We released new sample apps demonstrating how to use pretrained models, including style transfer, question and answer and more. We love to see the engagement in the TensorFlow Lite community. Recently, one member collected pretrained models, samples, and tutorials created by the community and curated them on GitHub. Feel free to contribute!
Better support for microcontrollers
Official support for Arduino
TensorFlow Lite for Microcontrollers is now available as an official Arduino library, which makes it easy to deploy speech detection to an Arduino Nano in under 5 minutes.
More TensorFlow for Microcontrollers optimizations
We are working with leading industry partners who are writing optimized implementations of TensorFlow Lite for Microcontrollers kernels for their hardware architectures.

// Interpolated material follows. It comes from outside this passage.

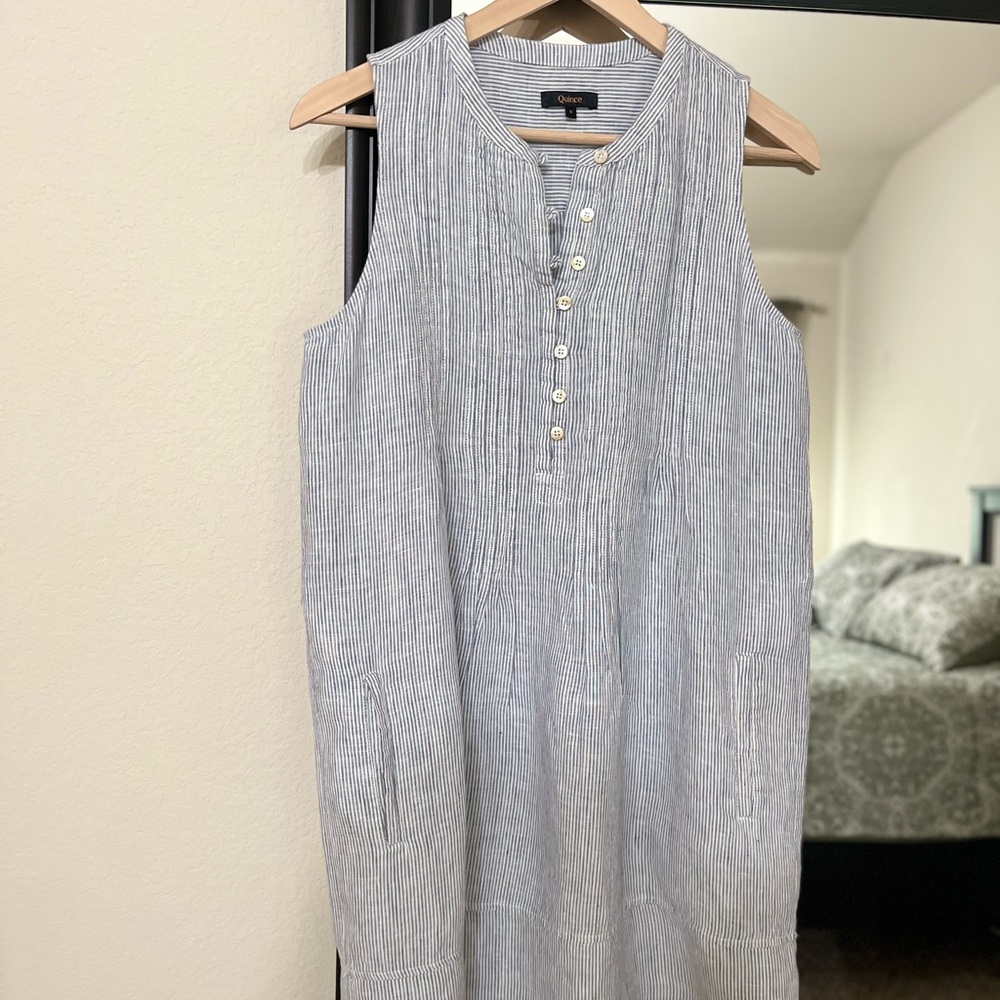 Quince Blue and White Striped Mini Dress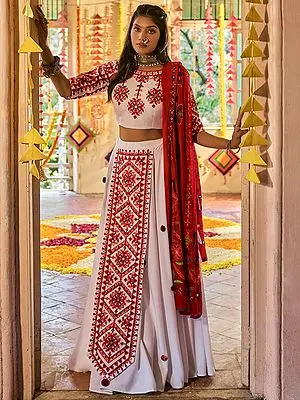 Bright-White Maslin Cotton Navaratri Special Lehenga Choli With Thread, Mirror, Print Work And Cotton Maroon Dupatta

For example, Cadence announced their support for TensorFlow for Microcontrollers for their Tensilica HiFi DSP family.
How Google is using TensorFlow Lite
TensorFlow Lite is used extensively within Google in many of our key products, including YouTube, Google Assistant, and Google Photos.
The Google Lens team shared how they migrated from a server-based model to a client-based on-device model to improve the user experience.
The Live Perception team showed how to build a machine learning pipeline to process live camera feed in real-time.
We have new features and improvements coming in a few months:
- XNNPACK integration for highly optimized floating-point model execution. This will significantly speed up CPU inference across platforms.
- New state-of-the-art on-device models, an updated guide, and examples demonstrating more use cases, such as native C/C++ APIs for inference on mobile.
- Additional tools for trimming binary size based on the ops used in client models, reducing the size impact on client apps.
- Enhancements to Model Maker for more tasks like object detection or NLP tasks. We are adding BERT support to enable new NLP tasks like question and answer, which will empower developers without ML expertise to build state-of-the-art NLP models through transfer learning.
- Expansion of the metadata and codegen tools to support more use cases, including object detection and other NLP-related tasks, and better integration with Android Studio.